_Assignment_
Could all of the entries be written out exactly, with any pictures omitted?

_Dataset extract_
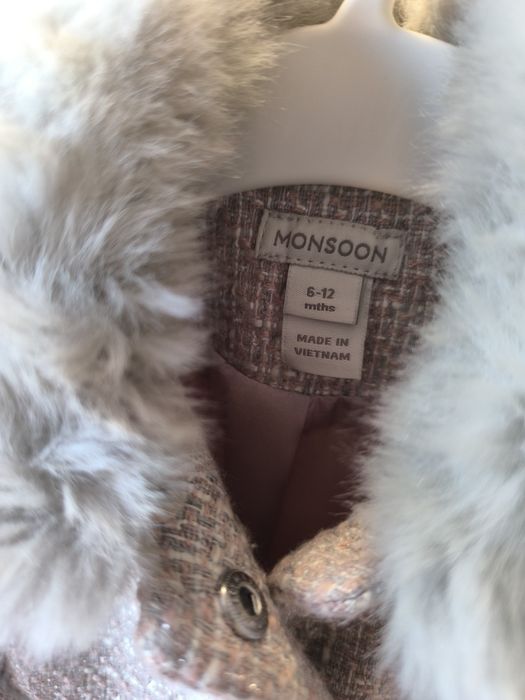 Детско палтенце.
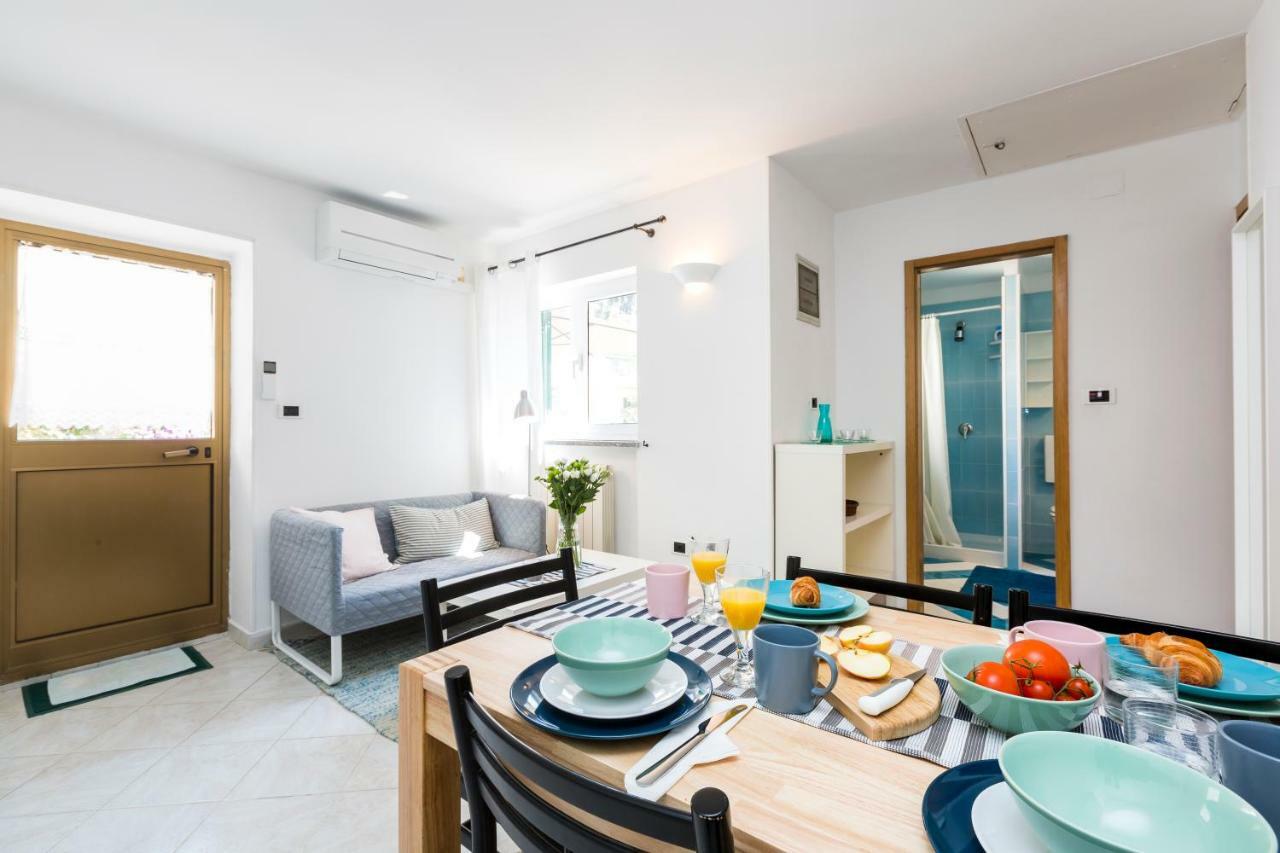 Apartments Antje Veli Losinj Ngoại thất bức ảnh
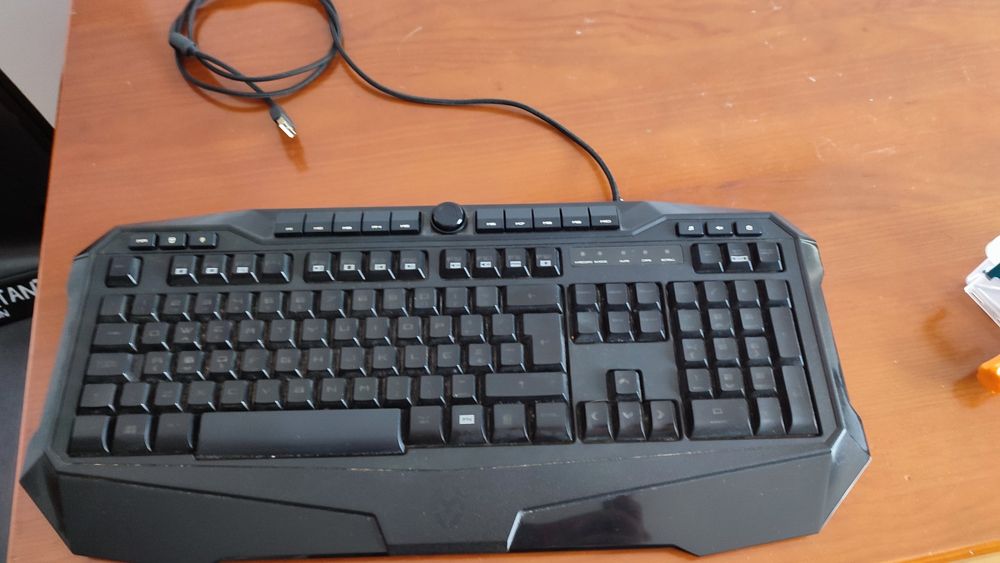 Teclado gaming krom khalon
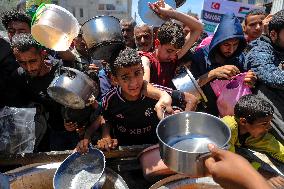 Palestinians Face Food Crisis Amid Shortages - Gaza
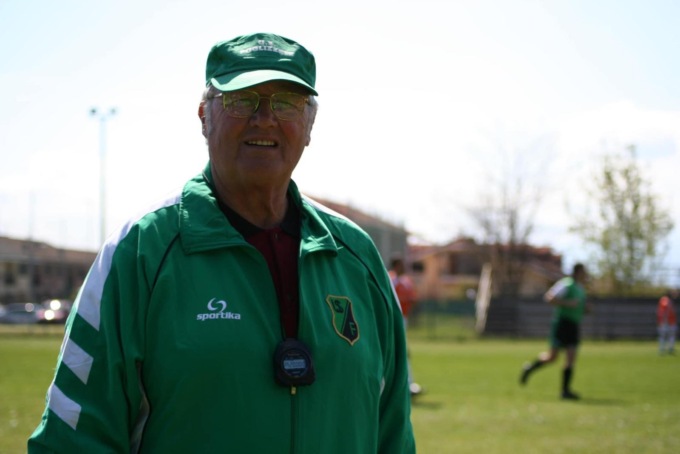 Il paese piange il suo tipografo amante di bocce, tennis e calcio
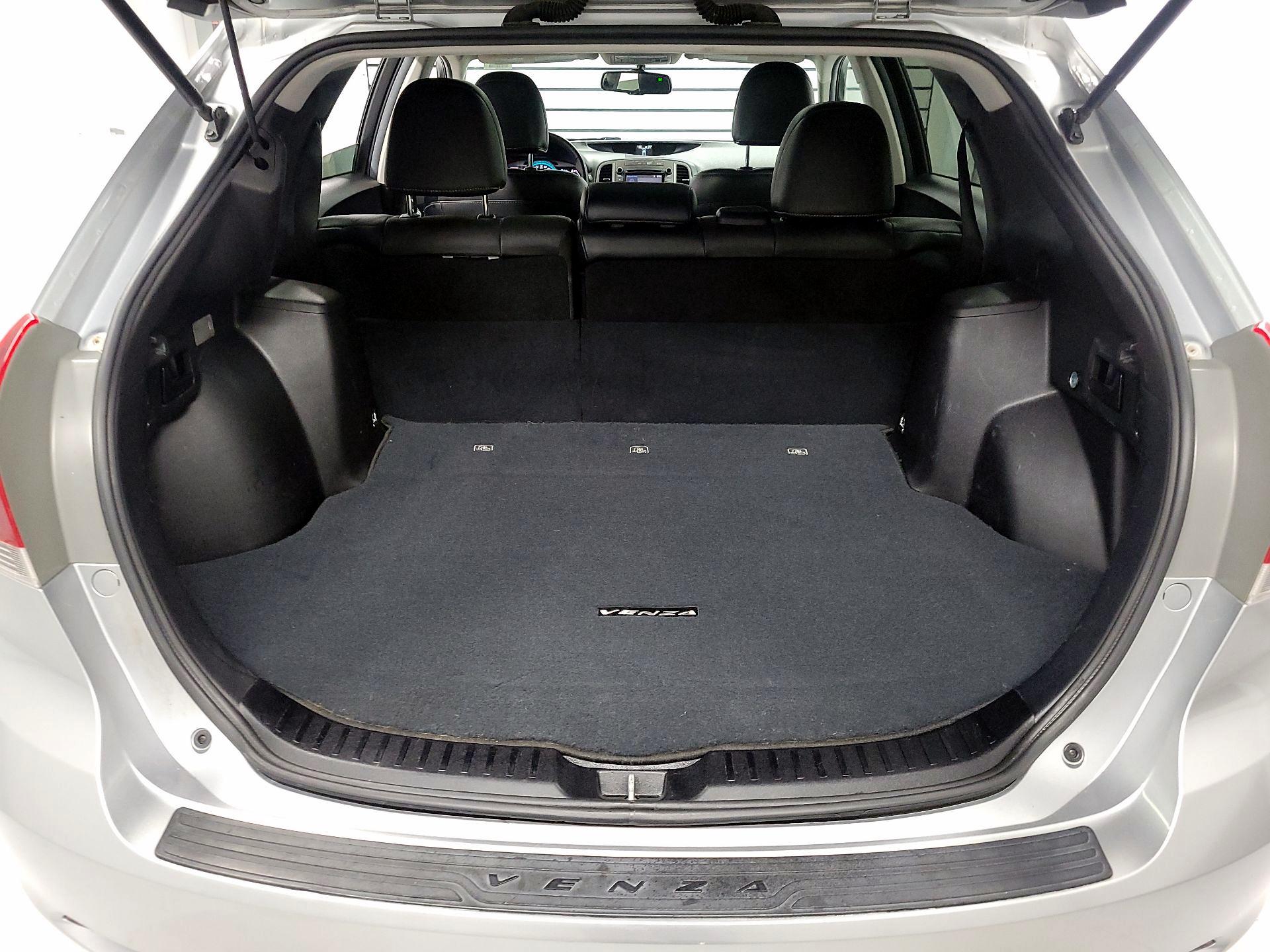 Thumbnail: 2015 Toyota Venza - 19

_Result_
 Детско палтенце.
 Apartments Antje Veli Losinj Ngoại thất bức ảnh
 Teclado gaming krom khalon
 Palestinians Face Food Crisis Amid Shortages - Gaza
 Il paese piange il suo tipografo amante di bocce, tennis e calcio
 Thumbnail: 2015 Toyota Venza - 19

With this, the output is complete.